WHAT YOU ARE ASKED TO DO - Below this line is the material. Write out only its lines from the one containing "Occasion Peugeot 108 Allure 2019 Hatchback" through the one containing "Paparazzi by Biz", both kept, exactly.

PROVIDED MATERIAL -
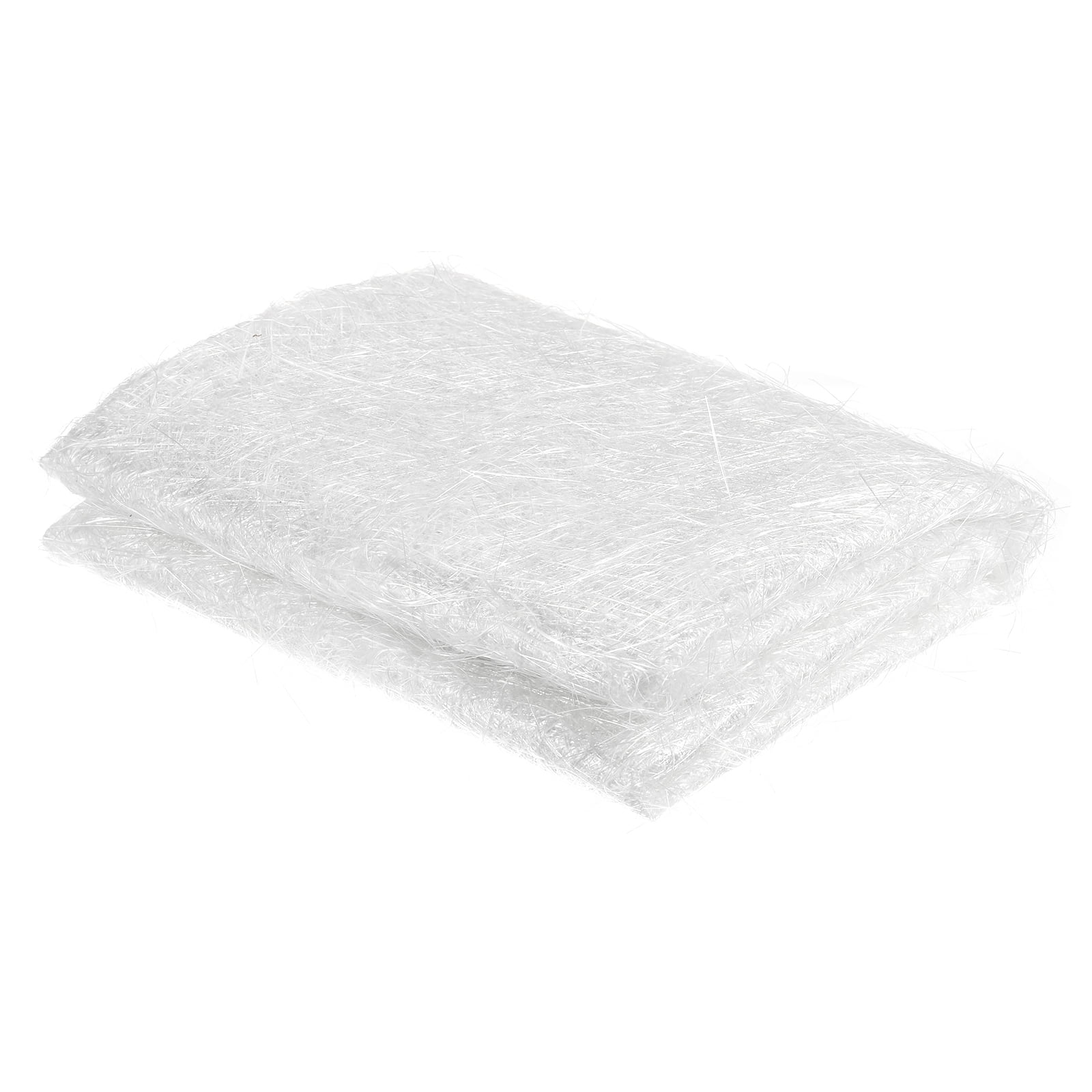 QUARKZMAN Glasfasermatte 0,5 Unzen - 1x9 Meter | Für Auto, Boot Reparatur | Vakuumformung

...

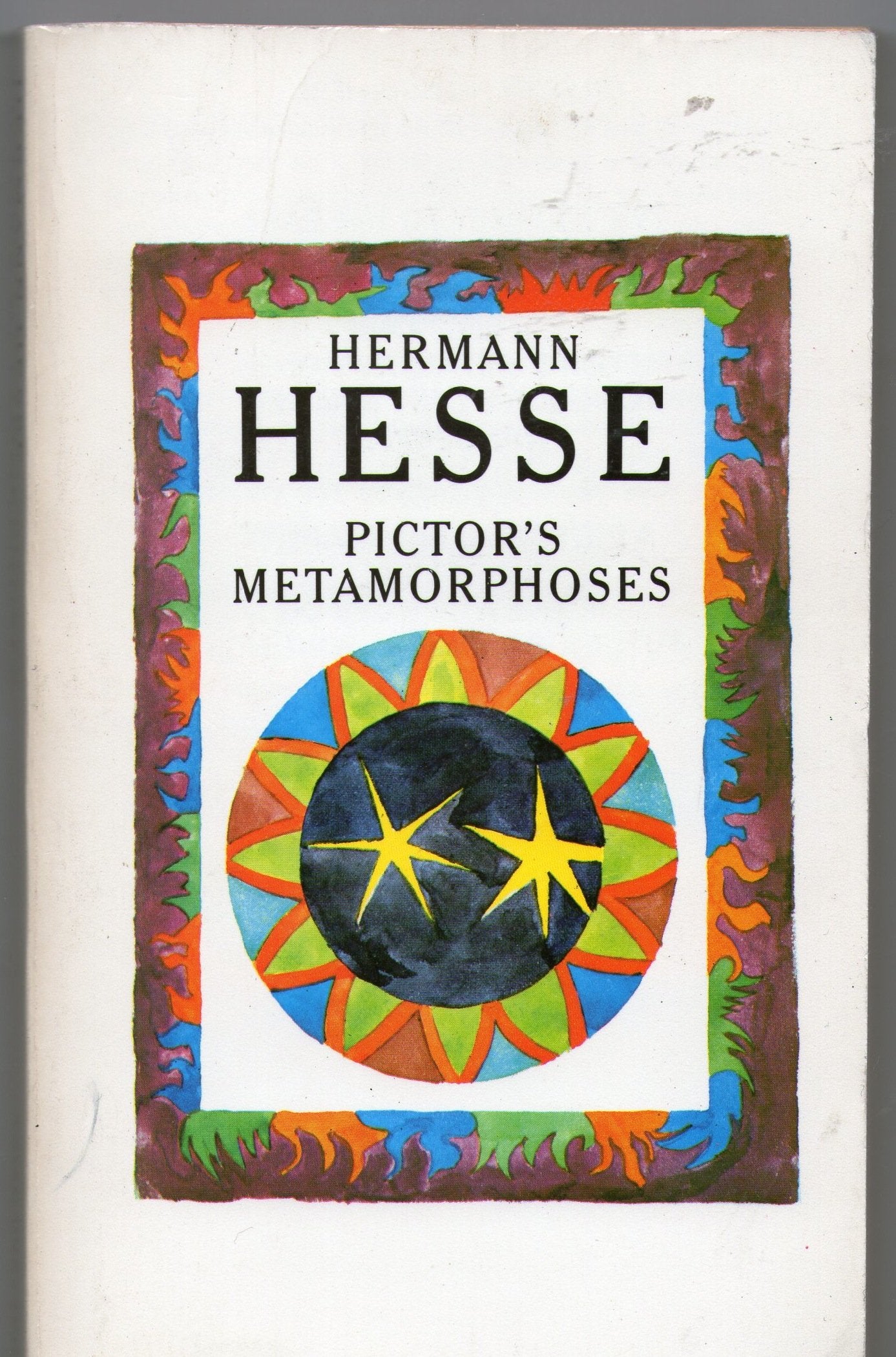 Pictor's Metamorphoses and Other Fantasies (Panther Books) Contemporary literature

==

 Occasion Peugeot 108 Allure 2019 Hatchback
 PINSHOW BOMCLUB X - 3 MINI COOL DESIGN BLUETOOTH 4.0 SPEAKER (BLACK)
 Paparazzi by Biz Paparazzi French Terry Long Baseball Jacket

SOLUTION TO THIS PROBLEM -
 Occasion Peugeot 108 Allure 2019 Hatchback
 PINSHOW BOMCLUB X - 3 MINI COOL DESIGN BLUETOOTH 4.0 SPEAKER (BLACK)
 Paparazzi by Biz Paparazzi French Terry Long Baseball Jacket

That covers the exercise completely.